"""
Baseline separability metrics: Calinksi-Harabasz, Thornton index, ROC-AUC
"""

import numpy as np
from sklearn.cluster import KMeans
from sklearn.linear_model import LogisticRegression
from sklearn.metrics import (
    balanced_accuracy_score,
    calinski_harabasz_score,
    make_scorer,
    roc_auc_score,
)
from sklearn.model_selection import cross_val_score
from sklearn.neighbors import NearestNeighbors


def kmeans_ch_score(data, n_clusters: int = 3, random_state: int = 0):
    """
    Returns a score for separability; greater score means
    better defined clusters.

    The score is defined as ratio of the sum of between-cluster
    dispersion over within-cluster dispersion (this is the definition
    of the Calinksi-Harabasz index).

    Args:
        data: np.array, the data to assess separability over.
        n_clusters: int, used by KMeans for clustering.
        random_state: int, for reproducibility.

    Returns:
        A non-negative score of separability. Larger score means
        more separability. This score is unbounded.
    """

    kmeans = KMeans(
        n_clusters=n_clusters, random_state=random_state, n_init="auto"
    ).fit(data)
    return calinski_harabasz_score(data, kmeans.labels_)


def thornton_separability_index(data, labels, n_neighbors=5):
    """
    Estimates thornton's separability index, capturing the fraction
    that the label of a data point agrees with the labels of its nearest
    neighbors.

    This function works for up-to multi-class, but not multi-label case.

    Args:
        data: np.array, contains the data we want to check for
            separability.
        labels: array of ints, labels corresponding to the data
        n_neighbors:int, number of nearest neighbors to use when calculating.

    Returns:
        A score between 0 and 1 capturing separability.
        Interpret the score as the probability that a point
        and its nearest neighbors share the same label.

    """
    nearest_neighbors = NearestNeighbors(n_neighbors=n_neighbors)
    nearest_neighbors.fit(data)

    def f(index_: int) -> float:
        _, indexes = nearest_neighbors.kneighbors(
            data[index_, :].reshape(1, -1)
        )
        indexes = indexes.tolist()[0]
        if index_ in indexes:
            indexes.remove(index_)

        if len(indexes) == 0:
            return 0

        return np.mean([labels[index_] == labels[i] for i in indexes])

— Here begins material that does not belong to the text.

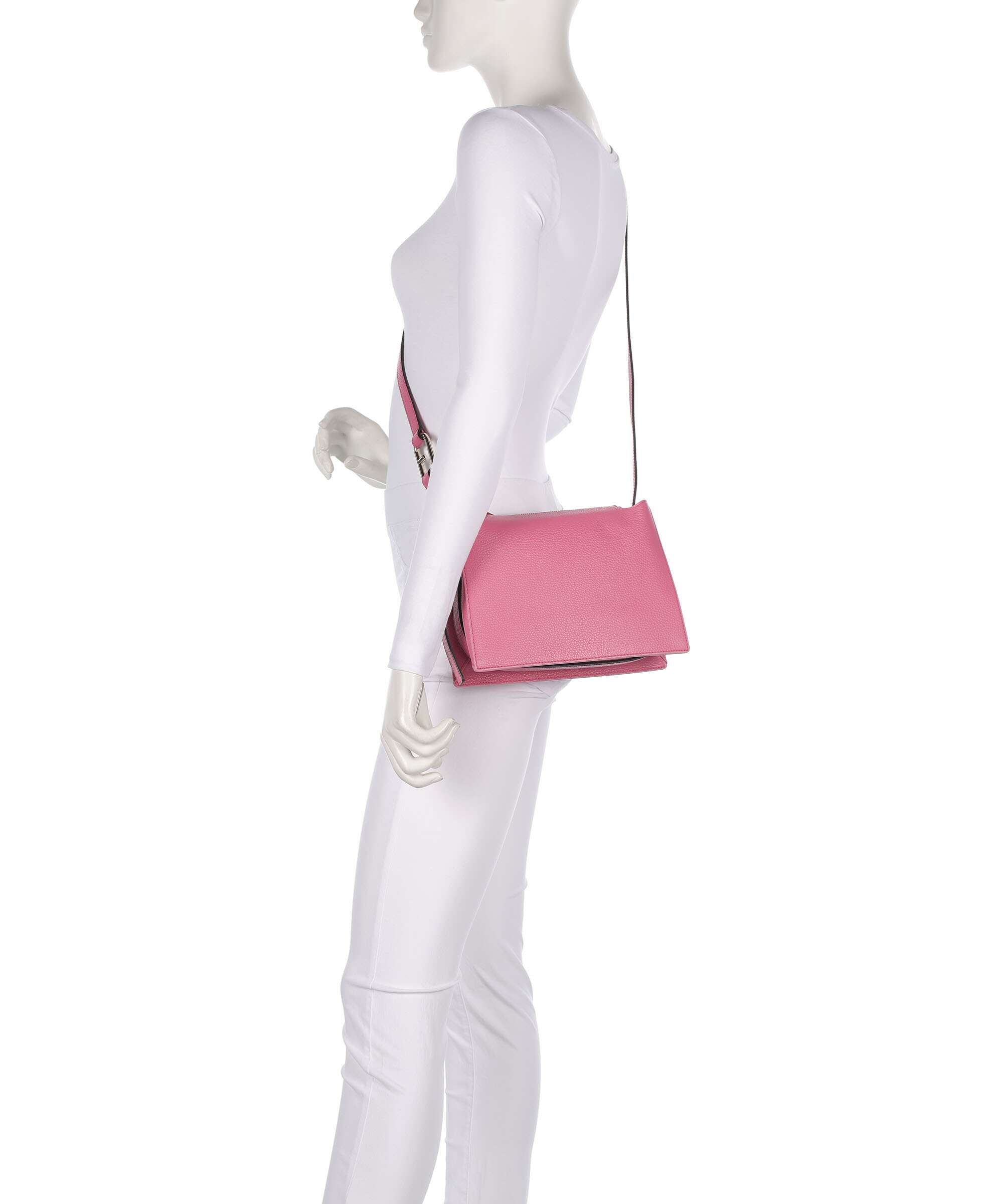 Furla Nuvola S Crossbody bag flamingo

    same_label_count = [f(i) for i in range(len(data))]

    return np.mean(same_label_count)


def balanced_accuracy_index(
    data, labels, n_splits=20, **logistic_regression_args
) -> float:
    """
    Estimates the balanced-accuracy over data splits to assess separability.

    A logistic regression model is used and repeatedly fit
    on different splits of the data.

    Args:
        data: np.array, contains the data we want to check for
            separability.
        labels: array of ints, labels corresponding to the data.
        n_splits: int, how many  splits to use for cross-validation.
        **logistic_regression_args: any other keyword-style arguments
            are passed to the logistic regression model.

    Returns:
        The average balanced-accuracy over the splits.
    """

    scoring = make_scorer(balanced_accuracy_score, needs_proba=False)
    clf = LogisticRegression(**logistic_regression_args).fit(data, labels)

    return np.mean(
        cross_val_score(clf, data, labels, scoring=scoring, cv=n_splits)
    )


def roc_auc_index(
    data, labels, n_splits=20, **logistic_regression_args
) -> float:
    """
    Estimates the roc-auc over data splits to assess separability.

    A logistic regression model is used and repeatedly fit
    on different splits of the data.

    Args:
        data: np.array, contains the data we want to check for
            separability.
        labels: array of ints, labels corresponding to the data.
        n_splits: int, how many  splits to use for cross-validation.
        **logistic_regression_args: any other keyword-style arguments
            are passed to the logistic regression model.

    Returns:
        The average roc_auc_score over the splits.

    """

    multi_class = len(set(labels)) != 2

    scoring = (
        make_scorer(multiclass_roc_auc_score, needs_proba=True)
        if multi_class
        else "roc_auc"
    )
    clf = LogisticRegression(**logistic_regression_args).fit(data, labels)
    return np.mean(
        cross_val_score(clf, data, labels, scoring=scoring, cv=n_splits)
    )


def multiclass_roc_auc_score(y_true, y_pred, average="macro"):
    return roc_auc_score(y_true, y_pred, average=average, multi_class="ovo")